■ Supplied records:
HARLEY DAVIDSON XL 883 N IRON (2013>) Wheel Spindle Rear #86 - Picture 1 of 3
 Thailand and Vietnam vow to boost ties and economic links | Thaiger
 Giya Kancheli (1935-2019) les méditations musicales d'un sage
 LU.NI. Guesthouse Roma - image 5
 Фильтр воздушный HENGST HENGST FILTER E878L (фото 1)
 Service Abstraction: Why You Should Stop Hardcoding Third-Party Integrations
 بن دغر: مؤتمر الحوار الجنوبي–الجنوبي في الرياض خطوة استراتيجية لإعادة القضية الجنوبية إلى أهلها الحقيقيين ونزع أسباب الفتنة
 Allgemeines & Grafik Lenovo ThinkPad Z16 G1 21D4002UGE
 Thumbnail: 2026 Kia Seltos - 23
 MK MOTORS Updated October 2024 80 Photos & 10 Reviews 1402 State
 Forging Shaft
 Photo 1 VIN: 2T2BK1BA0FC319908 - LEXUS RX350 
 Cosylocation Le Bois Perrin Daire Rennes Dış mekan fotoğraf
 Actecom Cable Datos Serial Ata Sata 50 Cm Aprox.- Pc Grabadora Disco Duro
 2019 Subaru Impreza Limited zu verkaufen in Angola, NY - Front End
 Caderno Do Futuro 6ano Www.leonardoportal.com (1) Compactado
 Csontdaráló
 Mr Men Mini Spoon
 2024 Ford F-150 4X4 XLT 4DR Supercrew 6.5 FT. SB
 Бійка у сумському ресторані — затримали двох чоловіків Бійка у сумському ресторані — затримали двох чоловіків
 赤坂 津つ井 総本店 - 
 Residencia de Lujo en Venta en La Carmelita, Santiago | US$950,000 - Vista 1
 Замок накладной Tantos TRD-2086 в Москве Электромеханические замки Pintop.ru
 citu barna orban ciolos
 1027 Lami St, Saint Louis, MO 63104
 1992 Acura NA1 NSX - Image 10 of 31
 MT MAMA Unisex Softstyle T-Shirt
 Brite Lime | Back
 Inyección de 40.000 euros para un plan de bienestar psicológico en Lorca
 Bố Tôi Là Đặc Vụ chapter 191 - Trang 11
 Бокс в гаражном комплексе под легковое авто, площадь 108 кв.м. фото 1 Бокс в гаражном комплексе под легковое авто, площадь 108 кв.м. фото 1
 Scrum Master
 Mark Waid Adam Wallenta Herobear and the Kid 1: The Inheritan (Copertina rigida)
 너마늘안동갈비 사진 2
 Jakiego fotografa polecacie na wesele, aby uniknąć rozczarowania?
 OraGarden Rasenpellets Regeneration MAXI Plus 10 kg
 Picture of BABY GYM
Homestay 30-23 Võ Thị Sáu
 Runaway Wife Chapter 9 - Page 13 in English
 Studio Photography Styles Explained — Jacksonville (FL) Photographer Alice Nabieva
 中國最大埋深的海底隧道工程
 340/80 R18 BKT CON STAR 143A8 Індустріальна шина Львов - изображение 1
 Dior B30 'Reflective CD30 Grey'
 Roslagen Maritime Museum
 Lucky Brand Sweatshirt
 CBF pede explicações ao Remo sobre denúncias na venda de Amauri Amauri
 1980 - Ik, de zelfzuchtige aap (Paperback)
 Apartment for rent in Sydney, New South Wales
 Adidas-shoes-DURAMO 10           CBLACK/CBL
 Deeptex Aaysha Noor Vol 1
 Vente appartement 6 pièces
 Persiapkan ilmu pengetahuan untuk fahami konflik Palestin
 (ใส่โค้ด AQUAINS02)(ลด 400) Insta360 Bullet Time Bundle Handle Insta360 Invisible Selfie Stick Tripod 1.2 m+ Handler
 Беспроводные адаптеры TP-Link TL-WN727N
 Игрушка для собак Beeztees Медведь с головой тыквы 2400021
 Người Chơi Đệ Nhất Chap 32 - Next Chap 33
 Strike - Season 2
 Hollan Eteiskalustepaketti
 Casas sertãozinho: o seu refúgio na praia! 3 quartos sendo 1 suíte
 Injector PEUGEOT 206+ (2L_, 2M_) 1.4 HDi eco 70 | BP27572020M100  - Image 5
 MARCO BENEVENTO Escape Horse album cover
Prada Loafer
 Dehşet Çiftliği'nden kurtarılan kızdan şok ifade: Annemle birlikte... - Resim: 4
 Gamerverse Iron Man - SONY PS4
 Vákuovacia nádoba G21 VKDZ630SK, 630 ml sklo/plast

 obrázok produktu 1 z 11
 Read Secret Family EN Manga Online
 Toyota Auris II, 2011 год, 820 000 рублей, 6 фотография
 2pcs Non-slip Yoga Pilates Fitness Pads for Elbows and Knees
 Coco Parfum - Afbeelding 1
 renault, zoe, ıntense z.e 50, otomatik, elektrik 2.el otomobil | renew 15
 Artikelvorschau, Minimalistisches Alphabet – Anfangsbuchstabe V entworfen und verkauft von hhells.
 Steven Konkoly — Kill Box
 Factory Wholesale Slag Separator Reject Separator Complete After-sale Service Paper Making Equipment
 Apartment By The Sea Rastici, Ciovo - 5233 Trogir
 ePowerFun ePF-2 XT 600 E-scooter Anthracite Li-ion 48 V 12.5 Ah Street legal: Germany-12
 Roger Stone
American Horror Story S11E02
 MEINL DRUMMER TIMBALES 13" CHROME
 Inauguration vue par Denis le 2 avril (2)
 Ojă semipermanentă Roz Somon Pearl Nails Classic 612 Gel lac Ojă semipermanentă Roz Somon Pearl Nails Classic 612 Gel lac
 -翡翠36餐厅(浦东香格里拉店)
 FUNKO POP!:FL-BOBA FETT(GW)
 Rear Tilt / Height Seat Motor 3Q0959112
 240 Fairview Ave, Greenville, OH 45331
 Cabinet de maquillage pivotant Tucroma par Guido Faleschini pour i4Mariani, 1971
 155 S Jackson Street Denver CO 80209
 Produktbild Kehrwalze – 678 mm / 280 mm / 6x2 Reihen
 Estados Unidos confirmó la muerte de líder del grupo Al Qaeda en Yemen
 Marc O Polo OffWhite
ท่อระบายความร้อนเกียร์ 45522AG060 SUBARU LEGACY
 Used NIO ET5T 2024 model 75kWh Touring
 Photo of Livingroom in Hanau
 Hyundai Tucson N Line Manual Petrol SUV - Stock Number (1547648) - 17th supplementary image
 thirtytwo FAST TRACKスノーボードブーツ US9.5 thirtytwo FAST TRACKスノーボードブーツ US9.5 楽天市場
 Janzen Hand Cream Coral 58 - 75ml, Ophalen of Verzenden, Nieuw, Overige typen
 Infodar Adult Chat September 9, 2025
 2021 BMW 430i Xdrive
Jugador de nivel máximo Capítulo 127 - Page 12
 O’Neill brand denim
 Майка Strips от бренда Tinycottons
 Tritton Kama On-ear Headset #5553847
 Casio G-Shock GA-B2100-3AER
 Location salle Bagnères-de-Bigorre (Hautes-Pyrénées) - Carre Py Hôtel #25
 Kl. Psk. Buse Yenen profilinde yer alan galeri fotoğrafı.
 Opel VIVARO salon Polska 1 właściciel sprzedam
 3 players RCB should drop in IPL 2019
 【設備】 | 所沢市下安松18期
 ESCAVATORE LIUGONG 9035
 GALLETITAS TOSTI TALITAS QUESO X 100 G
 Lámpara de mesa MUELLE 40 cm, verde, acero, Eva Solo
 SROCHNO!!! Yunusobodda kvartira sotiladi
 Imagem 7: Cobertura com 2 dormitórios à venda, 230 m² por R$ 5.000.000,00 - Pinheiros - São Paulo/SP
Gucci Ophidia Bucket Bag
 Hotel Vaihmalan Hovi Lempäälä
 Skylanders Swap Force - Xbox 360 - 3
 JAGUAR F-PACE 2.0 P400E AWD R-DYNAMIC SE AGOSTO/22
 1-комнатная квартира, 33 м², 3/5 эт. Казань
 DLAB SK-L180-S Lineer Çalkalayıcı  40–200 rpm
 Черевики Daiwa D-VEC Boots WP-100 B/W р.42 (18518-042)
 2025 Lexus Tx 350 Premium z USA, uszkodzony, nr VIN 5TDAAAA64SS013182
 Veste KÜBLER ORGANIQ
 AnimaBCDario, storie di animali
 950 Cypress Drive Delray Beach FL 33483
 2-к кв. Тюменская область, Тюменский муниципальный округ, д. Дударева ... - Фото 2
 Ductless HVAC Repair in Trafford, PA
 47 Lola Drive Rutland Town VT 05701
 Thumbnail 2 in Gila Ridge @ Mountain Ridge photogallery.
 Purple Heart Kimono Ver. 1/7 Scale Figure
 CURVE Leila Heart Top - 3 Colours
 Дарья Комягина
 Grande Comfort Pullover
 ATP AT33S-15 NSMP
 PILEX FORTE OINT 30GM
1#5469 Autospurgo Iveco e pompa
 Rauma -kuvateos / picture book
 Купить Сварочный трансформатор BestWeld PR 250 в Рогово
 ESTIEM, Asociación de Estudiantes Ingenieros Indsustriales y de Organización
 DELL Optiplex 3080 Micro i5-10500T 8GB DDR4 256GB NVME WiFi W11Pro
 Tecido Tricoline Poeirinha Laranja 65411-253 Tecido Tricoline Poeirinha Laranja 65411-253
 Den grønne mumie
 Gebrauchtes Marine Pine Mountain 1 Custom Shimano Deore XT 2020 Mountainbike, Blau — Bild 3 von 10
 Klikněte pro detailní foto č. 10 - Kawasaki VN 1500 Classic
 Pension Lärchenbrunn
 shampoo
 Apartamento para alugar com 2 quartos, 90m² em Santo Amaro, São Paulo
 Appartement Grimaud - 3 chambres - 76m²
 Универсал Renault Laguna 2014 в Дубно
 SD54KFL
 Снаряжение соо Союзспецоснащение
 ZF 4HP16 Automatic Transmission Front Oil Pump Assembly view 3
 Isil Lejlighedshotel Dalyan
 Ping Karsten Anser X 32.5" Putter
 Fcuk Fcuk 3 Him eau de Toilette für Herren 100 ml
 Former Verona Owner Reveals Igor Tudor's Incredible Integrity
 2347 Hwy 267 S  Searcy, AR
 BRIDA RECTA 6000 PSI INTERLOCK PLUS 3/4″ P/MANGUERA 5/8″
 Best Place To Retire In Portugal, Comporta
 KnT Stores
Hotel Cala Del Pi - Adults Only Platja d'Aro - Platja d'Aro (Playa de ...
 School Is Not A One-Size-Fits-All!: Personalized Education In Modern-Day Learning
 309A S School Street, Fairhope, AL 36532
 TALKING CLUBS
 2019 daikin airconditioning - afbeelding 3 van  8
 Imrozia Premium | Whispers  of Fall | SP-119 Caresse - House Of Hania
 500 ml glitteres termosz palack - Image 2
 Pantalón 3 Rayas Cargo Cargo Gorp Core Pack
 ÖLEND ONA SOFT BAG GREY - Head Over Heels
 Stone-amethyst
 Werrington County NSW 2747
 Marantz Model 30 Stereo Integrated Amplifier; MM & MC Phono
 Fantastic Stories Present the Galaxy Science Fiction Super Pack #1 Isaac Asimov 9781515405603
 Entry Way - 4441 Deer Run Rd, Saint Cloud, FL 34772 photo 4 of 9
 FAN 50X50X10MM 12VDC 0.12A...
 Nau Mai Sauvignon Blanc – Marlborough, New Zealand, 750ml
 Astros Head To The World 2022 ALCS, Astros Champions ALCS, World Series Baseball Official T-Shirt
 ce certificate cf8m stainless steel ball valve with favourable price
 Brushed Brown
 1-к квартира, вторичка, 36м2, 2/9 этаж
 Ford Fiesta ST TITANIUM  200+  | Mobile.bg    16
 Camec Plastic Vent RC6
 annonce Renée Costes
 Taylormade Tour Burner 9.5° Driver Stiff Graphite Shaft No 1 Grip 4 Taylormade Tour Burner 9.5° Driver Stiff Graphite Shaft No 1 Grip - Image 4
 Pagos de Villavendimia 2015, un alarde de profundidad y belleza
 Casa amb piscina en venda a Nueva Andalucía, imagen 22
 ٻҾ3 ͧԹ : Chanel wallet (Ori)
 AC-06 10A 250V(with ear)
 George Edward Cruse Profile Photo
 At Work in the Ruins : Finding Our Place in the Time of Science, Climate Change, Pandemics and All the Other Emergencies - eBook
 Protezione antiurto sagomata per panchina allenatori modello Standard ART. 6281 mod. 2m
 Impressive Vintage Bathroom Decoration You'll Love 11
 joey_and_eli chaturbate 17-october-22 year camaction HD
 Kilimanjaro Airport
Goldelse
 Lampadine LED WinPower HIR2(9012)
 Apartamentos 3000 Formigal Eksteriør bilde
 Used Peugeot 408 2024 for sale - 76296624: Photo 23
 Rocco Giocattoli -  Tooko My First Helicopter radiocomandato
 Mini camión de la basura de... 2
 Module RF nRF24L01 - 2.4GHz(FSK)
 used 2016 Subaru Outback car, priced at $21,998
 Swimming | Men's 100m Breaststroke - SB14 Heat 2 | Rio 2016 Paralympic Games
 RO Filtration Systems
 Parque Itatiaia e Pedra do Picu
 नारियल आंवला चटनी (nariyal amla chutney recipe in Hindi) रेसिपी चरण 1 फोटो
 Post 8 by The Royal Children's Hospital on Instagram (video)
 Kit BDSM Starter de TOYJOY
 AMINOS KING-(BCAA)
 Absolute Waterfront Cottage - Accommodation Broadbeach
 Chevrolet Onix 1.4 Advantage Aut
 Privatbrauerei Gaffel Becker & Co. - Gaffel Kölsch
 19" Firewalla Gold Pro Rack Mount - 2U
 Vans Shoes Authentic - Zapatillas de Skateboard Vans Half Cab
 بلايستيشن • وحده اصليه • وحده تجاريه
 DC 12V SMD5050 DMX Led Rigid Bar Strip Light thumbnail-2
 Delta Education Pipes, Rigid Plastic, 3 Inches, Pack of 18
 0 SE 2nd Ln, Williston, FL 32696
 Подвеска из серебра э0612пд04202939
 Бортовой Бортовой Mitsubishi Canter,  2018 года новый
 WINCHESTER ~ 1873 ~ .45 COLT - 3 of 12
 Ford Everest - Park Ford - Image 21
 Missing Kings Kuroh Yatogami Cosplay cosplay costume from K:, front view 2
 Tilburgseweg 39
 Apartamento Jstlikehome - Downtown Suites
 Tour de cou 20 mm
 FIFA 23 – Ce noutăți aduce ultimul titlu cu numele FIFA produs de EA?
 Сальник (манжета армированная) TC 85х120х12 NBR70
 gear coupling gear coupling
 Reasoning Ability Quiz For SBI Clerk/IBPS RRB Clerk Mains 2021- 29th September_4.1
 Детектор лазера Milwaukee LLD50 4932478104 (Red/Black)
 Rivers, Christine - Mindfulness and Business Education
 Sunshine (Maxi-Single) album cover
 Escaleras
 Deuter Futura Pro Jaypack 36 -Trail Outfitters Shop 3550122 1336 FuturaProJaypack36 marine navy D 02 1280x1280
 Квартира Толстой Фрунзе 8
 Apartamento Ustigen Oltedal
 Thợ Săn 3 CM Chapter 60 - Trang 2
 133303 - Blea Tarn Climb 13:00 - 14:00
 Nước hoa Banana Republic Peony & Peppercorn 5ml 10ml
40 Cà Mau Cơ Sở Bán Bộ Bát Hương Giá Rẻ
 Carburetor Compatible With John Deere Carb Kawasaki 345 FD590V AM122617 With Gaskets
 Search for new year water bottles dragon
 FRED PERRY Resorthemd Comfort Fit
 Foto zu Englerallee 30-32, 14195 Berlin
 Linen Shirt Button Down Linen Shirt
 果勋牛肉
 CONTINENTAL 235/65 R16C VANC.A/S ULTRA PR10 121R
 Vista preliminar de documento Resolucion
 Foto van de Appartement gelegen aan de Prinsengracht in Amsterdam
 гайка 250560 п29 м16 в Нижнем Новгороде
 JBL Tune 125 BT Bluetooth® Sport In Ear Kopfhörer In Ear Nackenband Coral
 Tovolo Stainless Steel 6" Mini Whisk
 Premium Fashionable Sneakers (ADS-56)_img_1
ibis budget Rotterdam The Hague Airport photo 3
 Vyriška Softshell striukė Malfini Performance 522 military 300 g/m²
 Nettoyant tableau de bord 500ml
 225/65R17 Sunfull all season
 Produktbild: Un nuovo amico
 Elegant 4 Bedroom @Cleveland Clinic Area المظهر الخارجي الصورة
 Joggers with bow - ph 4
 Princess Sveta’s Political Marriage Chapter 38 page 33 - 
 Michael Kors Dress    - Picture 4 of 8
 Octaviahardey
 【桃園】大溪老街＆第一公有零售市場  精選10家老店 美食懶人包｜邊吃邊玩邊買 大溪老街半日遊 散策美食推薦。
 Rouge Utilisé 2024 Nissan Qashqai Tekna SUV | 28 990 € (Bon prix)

■ Instructions to follow:
Copy every line of the records above that holds the word "sale".

■ Exercise response:
 Factory Wholesale Slag Separator Reject Separator Complete After-sale Service Paper Making Equipment
 Used Peugeot 408 2024 for sale - 76296624: Photo 23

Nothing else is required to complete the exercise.